Travel Guide
Camel Riding in Dubai: What It's Actually Like
The lurch when it stands, the slow sway, how high you sit, what it costs, and how to pick an operator that treats the animals properly. A straight account before you book.
Desert Thrill Editorial · 6 min read · Jun 9, 2026

The first ten seconds are the strange part
Here is the part nobody warns you about with camel riding in Dubai. The camel is already sitting when you climb on, folded down on the sand with its legs tucked under. You swing a leg over the saddle, get told to lean back, and then it stands up. Back legs first. For a second you pitch forward toward the camel's neck, then it straightens the front legs and you rock back the other way. Hold the saddle horn, not the reins, and you are fine.
Once it is up you are sitting roughly two metres off the ground, higher than you expect. The walk is a slow side-to-side roll because both legs on the same side move together. People compare it to a small boat in a light swell. It is not fast and it is not jolting. After a minute your body adjusts to the rhythm and you stop gripping so hard.
Where camel riding in Dubai usually happens
Most rides are a short loop in the dunes as part of a desert safari, out in the Dubai Desert Conservation Reserve or the dune belt past Lehbab and Al Lahbab on the road toward Hatta, about 45 minutes to an hour from Downtown. The camel handler leads on foot or the animals walk nose-to-tail in a short train. You are not steering anything.
A handful of beach operators run camels along the sand near Jumeirah and the public beach by Kite Beach in the cooler months, which makes for a different photo with the water behind you. Those tend to be even shorter, more of a walk-up-and-sit-for-pictures arrangement than a proper ride.
How long it lasts and what you pay
Be honest with yourself about the length. Inside a desert safari the camel ride is usually 10 to 15 minutes, sometimes just a five-minute lap around the camp. It is one item on an evening that also includes dune driving, sandboarding, dinner and a show. The ride is the gentle part.
If it is bundled into the safari, it is often included in the package, which runs roughly AED 150 to 350 per person depending on the operator and whether it is a shared 4x4 or a private one. A standalone or longer dedicated camel trek, say 30 to 60 minutes, is closer to AED 200 to 400. Beach rides are typically sold by the loop, around AED 50 to 100. Tip the handler if the price did not already include it.

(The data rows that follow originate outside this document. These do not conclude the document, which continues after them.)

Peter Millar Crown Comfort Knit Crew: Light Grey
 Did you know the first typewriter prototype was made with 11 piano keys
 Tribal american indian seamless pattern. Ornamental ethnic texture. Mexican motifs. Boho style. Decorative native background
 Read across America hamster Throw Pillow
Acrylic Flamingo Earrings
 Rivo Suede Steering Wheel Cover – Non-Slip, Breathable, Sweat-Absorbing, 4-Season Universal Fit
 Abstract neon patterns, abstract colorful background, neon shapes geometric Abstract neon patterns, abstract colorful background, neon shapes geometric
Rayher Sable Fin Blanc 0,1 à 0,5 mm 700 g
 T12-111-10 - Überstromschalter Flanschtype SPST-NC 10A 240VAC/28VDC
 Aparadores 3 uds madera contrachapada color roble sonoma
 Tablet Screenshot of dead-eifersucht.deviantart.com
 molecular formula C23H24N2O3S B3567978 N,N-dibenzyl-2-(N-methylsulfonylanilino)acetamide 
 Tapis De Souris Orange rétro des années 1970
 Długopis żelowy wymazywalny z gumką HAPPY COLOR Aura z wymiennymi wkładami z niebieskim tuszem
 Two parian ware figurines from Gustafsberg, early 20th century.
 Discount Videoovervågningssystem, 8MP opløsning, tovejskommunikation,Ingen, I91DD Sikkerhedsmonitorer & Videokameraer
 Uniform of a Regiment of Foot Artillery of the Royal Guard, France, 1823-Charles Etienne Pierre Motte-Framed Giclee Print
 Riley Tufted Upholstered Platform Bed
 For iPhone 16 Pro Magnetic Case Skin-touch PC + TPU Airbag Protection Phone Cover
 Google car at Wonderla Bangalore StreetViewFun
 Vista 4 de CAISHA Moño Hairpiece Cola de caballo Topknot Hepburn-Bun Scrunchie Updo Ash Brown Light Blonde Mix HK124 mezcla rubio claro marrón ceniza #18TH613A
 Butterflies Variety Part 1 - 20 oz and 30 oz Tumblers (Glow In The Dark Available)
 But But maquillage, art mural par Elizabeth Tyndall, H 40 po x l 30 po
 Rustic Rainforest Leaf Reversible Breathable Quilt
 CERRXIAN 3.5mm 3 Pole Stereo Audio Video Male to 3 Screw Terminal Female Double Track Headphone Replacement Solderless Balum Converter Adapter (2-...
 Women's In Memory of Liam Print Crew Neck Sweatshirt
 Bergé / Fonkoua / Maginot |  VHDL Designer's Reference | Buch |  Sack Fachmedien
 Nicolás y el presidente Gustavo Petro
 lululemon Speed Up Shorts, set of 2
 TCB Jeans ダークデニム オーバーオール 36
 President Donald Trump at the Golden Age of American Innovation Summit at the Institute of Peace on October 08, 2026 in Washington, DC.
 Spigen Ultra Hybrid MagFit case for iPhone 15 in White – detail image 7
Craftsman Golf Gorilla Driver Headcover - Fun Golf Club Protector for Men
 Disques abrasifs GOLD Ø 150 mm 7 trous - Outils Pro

The animal welfare question, asked plainly
Camels are working animals here and a well-run operation treats them as the asset they are. The signs of a responsible one are not hard to read. Look at the camels themselves: a healthy animal has clear eyes, no open sores under the saddle or around the nose peg, ribs you cannot count from across the camp, and it is not visibly straining or foaming. Saddles should sit on padding, not bare skin.
Ask how long the animals work and whether they get rest and shade between rides. Good operators rotate their camels and stop riding in the worst of the afternoon heat. Avoid anyone who lets a single camel carry rider after rider all day in 45-degree sun, or who jerks the nose rope to make the animal move. If the company can name its desert site and talks about conservation-zone permits, that is usually a better sign than a roadside setup with no fixed base.
What to wear and what to hold
Closed shoes or trainers, not flip-flops, because you will be walking on hot sand and the camel kicks up grit. Loose long trousers are more comfortable on the saddle than shorts, and they keep the sun off. Sunglasses and a hat that will not blow away. In winter evenings the desert gets genuinely cool after sunset, so bring a layer.
Hold the saddle horn with one hand, especially during the stand-up and sit-down, which are the only moments that catch people out. Keep your phone on a wrist strap or in a zipped pocket. A dropped phone disappears into soft sand fast, and the camel will not wait for you to dig it out.